─── DATA ───
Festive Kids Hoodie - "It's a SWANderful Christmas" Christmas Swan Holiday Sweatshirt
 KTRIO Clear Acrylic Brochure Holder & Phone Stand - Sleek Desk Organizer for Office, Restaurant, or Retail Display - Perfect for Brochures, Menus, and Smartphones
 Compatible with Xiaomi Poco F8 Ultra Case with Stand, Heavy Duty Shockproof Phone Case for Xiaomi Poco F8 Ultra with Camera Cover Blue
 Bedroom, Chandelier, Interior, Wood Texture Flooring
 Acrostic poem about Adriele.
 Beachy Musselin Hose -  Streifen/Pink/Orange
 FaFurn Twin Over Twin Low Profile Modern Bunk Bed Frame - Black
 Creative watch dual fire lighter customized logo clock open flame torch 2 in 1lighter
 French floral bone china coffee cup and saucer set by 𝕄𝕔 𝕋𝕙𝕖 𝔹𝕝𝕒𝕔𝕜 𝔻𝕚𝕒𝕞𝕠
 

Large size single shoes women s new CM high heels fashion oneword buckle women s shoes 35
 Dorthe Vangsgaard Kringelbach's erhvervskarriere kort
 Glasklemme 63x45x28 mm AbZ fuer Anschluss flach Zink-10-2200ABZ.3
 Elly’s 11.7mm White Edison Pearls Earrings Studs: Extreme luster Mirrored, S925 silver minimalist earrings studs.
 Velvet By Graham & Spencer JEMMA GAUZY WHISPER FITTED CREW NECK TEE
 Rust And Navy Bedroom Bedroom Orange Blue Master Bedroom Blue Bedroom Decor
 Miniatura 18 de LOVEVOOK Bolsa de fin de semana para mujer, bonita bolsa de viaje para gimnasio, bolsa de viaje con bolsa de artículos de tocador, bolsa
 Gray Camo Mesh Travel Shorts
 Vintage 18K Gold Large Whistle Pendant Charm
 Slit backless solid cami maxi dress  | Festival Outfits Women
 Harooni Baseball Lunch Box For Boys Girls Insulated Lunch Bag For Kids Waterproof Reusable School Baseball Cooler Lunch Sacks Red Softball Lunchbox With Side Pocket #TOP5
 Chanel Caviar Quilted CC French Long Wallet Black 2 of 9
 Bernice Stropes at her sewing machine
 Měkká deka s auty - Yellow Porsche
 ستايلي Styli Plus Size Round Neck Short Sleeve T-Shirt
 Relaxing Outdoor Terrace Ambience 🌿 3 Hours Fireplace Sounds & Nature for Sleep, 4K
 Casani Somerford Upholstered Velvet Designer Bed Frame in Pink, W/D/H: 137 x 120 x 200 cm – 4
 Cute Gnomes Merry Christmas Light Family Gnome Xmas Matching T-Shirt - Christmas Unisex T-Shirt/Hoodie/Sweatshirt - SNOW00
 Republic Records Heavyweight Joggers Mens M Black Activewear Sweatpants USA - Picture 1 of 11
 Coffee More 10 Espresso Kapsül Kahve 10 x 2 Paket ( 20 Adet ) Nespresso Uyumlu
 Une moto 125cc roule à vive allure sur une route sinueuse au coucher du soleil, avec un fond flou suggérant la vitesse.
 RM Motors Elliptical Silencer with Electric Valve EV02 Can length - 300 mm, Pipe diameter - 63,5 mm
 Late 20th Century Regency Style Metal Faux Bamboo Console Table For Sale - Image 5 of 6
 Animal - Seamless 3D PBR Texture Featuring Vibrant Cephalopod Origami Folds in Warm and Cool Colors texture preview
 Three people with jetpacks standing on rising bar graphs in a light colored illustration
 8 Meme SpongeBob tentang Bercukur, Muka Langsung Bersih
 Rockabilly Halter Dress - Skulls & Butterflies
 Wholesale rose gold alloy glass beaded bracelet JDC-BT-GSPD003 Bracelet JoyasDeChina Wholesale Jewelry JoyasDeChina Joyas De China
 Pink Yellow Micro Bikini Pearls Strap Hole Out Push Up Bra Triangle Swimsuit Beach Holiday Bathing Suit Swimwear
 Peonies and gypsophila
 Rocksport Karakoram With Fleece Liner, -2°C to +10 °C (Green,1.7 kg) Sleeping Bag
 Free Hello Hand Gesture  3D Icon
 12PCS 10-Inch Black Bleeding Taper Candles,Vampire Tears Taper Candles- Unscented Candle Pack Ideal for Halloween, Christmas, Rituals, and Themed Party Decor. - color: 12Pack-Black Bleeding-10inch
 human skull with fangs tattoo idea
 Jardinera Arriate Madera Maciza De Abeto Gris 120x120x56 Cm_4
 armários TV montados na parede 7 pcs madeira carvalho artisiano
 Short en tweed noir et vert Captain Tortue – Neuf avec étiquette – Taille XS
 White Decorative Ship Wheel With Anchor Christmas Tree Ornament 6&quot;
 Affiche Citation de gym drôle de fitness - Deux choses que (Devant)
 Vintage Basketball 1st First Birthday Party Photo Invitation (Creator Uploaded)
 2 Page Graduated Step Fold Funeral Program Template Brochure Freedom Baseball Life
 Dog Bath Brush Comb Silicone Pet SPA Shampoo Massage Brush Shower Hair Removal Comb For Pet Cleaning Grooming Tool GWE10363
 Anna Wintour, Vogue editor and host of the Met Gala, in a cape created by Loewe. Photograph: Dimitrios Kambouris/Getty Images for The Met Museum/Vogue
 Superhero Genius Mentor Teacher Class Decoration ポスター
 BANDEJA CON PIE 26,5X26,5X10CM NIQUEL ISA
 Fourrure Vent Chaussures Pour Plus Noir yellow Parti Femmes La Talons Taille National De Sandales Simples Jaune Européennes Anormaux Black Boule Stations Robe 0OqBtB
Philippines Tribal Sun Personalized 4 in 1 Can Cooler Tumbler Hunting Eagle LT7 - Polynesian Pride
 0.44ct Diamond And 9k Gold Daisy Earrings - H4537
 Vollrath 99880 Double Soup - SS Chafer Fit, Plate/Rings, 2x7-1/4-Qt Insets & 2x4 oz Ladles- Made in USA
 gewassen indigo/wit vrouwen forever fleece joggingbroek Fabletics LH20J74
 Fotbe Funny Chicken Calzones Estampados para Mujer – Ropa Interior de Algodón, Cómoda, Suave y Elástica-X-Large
───
## PROBLEM
Beginning at the line that contains "0.44ct Diamond And", reproduce every line down to the last line of the entries above, exactly and only those.

## THE COMPLETED TASK
 0.44ct Diamond And 9k Gold Daisy Earrings - H4537
 Vollrath 99880 Double Soup - SS Chafer Fit, Plate/Rings, 2x7-1/4-Qt Insets & 2x4 oz Ladles- Made in USA
 gewassen indigo/wit vrouwen forever fleece joggingbroek Fabletics LH20J74
 Fotbe Funny Chicken Calzones Estampados para Mujer – Ropa Interior de Algodón, Cómoda, Suave y Elástica-X-Large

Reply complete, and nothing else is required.